Task goal: From the line that holds "The new diet's" to the end of the records, reproduce every line exactly. No pictures.

Data supplied:
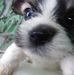 Dwayne Whitten - Facebook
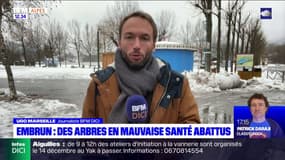 Embrun: des arbres en mauvais état abattus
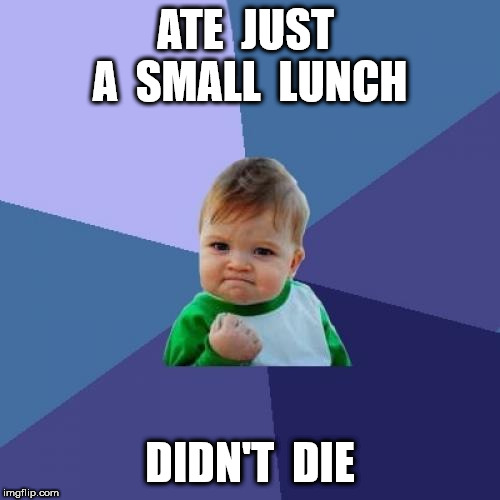 The new diet's going great! | ATE  JUST  A  SMALL  LUNCH; DIDN'T  DIE | image tagged in memes,success kid | made w/ Imgflip meme maker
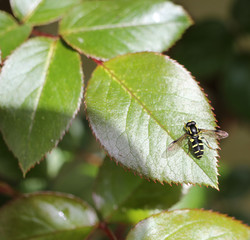 colorful insect si sitting on leaf of rose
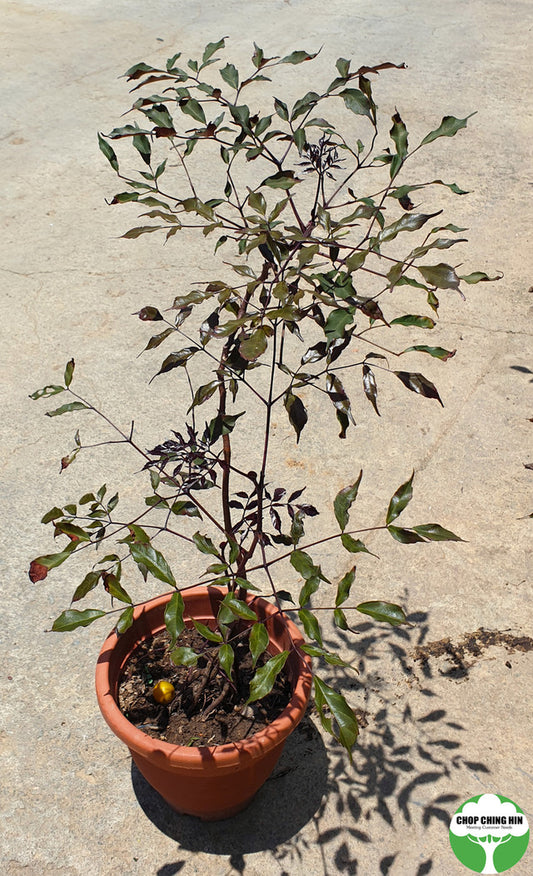 Leea guineensis 'Burgundy'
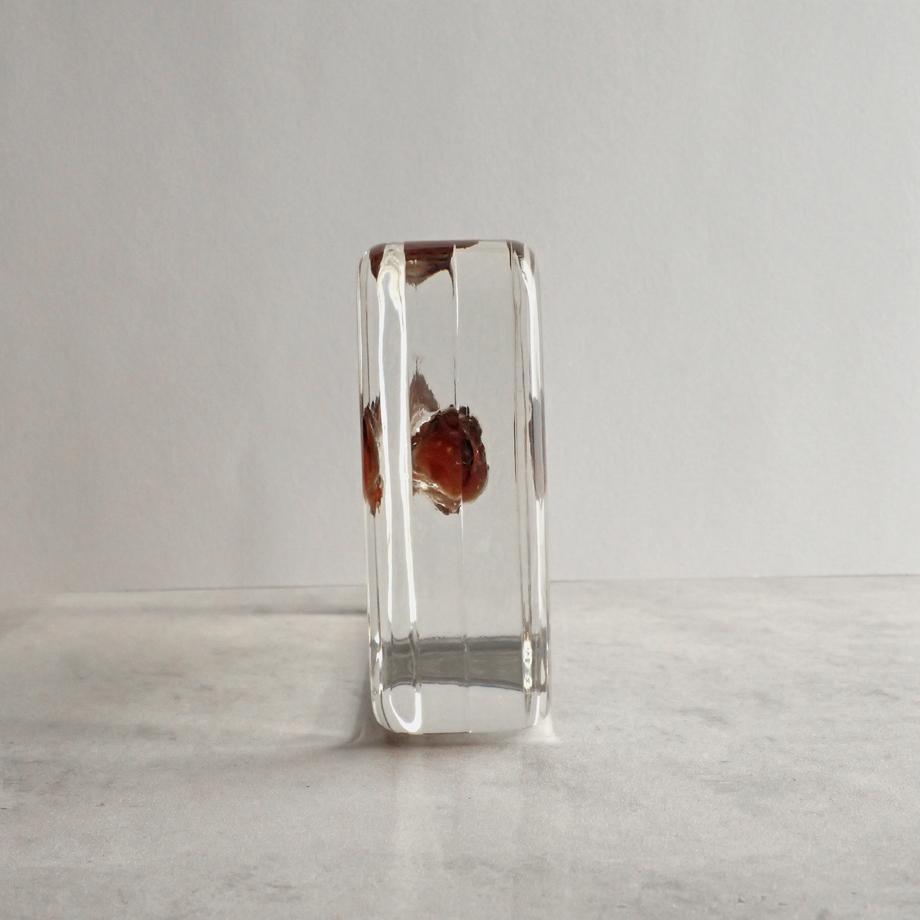 キヌバリ樹脂封入標本 4L (木製標本箱入り) | 7枚目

Answer for the task:
 The new diet's going great! | ATE  JUST  A  SMALL  LUNCH; DIDN'T  DIE | image tagged in memes,success kid | made w/ Imgflip meme maker
 colorful insect si sitting on leaf of rose
 Leea guineensis 'Burgundy'
 キヌバリ樹脂封入標本 4L (木製標本箱入り) | 7枚目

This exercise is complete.